Dal mio punto di vista, visto che ormai la street art e i graffiti stanno prendendo sempre più piede e sono ormai una realtà affermata in quasi tutte le città, bisognerebbe creare un modulo pre-stampato uguale per tutti, principianti e professionisti , per poter richiedere spazi pubblici. In base poi al progetto specifico richiesto o proposto, bisognerebbe allegare al pre-citato modulo la documentazione più dettagliata necessaria.
Però trovo inconcepibile che, nel 2021 in Italia, non ci sia ancora una modulistica ben definita a riguardo. Trovo anche difficile comprendere come alcune amministrazioni comunali, soprattutto nelle città, siano ancora in difficoltà ad accettare l’idea di concedere spazi pubblici ben definiti dove chiunque possa andare liberamente a dipingere senza un permesso scritto.
Se dovessi dare tre consigli ad un artista che si è avvicinato da poco al mondo del writing e della streetart come espressione artistica, quali sarebbero?
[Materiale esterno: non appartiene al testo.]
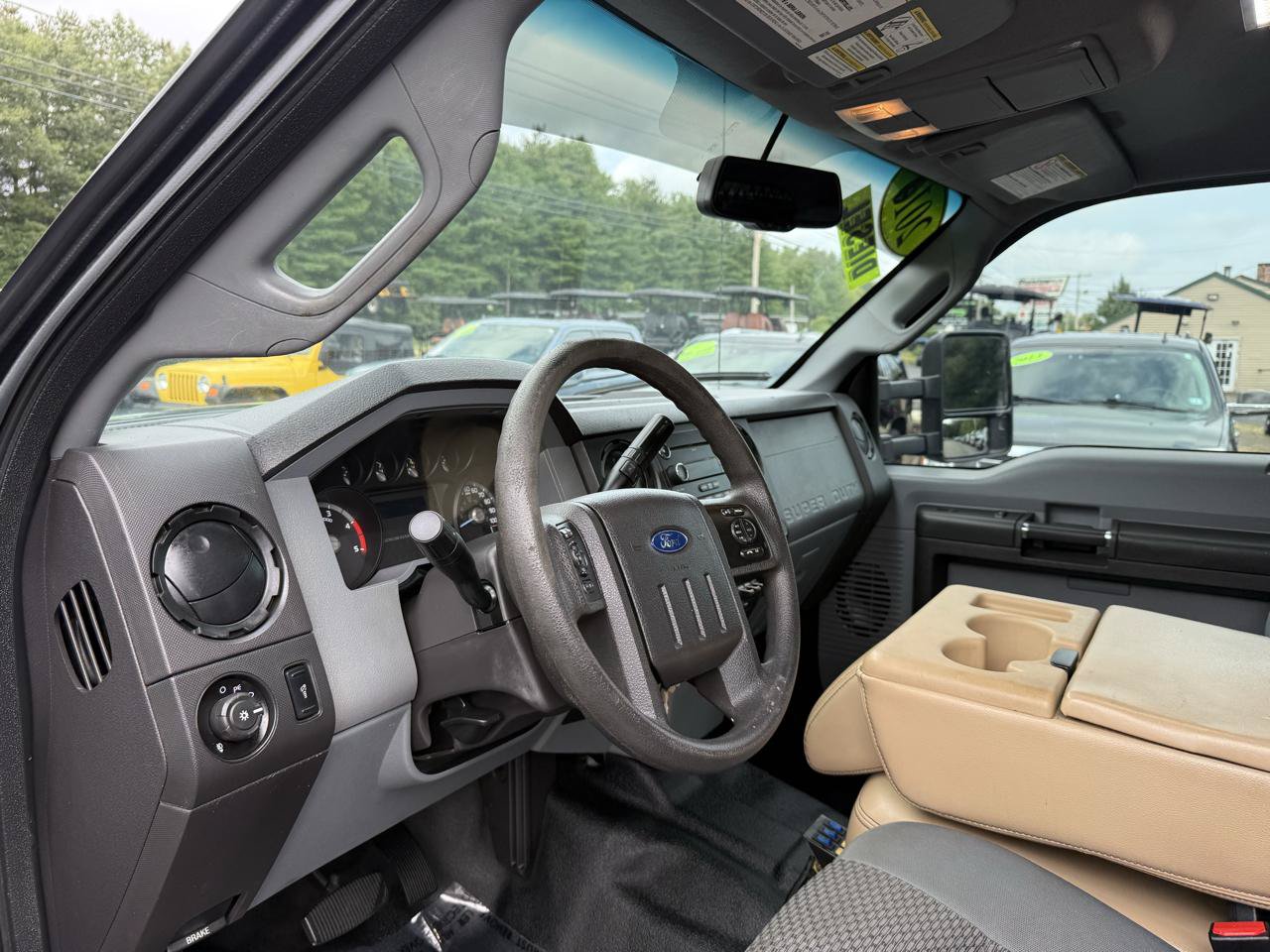 Used 2014 Ford F350 XL w/ Power Equipment Group AWD/4WD image 36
Sicuramente il primo consiglio che darei sarebbe di informarsi molto bene sui rischi a cui si va incontro se si oltrepassa il confine della legalità, perché ho appurato che in molti non lo sanno, ma poi può essere troppo tardi e dannoso scoprirlo direttamente sulla propria pelle (o fedina penale). Se uno è informato a riguardo, se poi decide di rischiare, è una scelta sua, con la consapevolezza del rischio a cui va incontro e delle possibili conseguenze.
Ad alcuni direi di dedicarsi senza dubbio a qualche altra attività, perché la vita degli altri non è un videogioco, né tantomeno un social network, e il danno che un gesto stupido può causare è enorme. Di conseguenza il secondo consiglio che darei sarebbe di dedicare a questo mondo il massimo rispetto, in tutte le sue forme, perché basta un attimo a rovinarsi o a rovinare qualcun altro.
Il terzo consiglio che darei sarebbe quello di essere umili e onesti verso gli altri (committenti, colleghi, rivali, organizzatori di eventi, etc…) perché nessuno nasce maestro, uno può essere più o meno dotato, ma è un attimo passare dalle stelle alle stalle, e più si è in alto più la caduta fa male, perciò un po’ di umiltà può servire, non solo nell’arte, ma nella vita in generale. Dopotutto siamo graffitari e\o street artist, con tutto il rispetto, non Michelangelo o Giotto.
Grazie a William “Wiz Art” Gervasoni per la disponibilità nel raccontarci la sua esperienza artistica.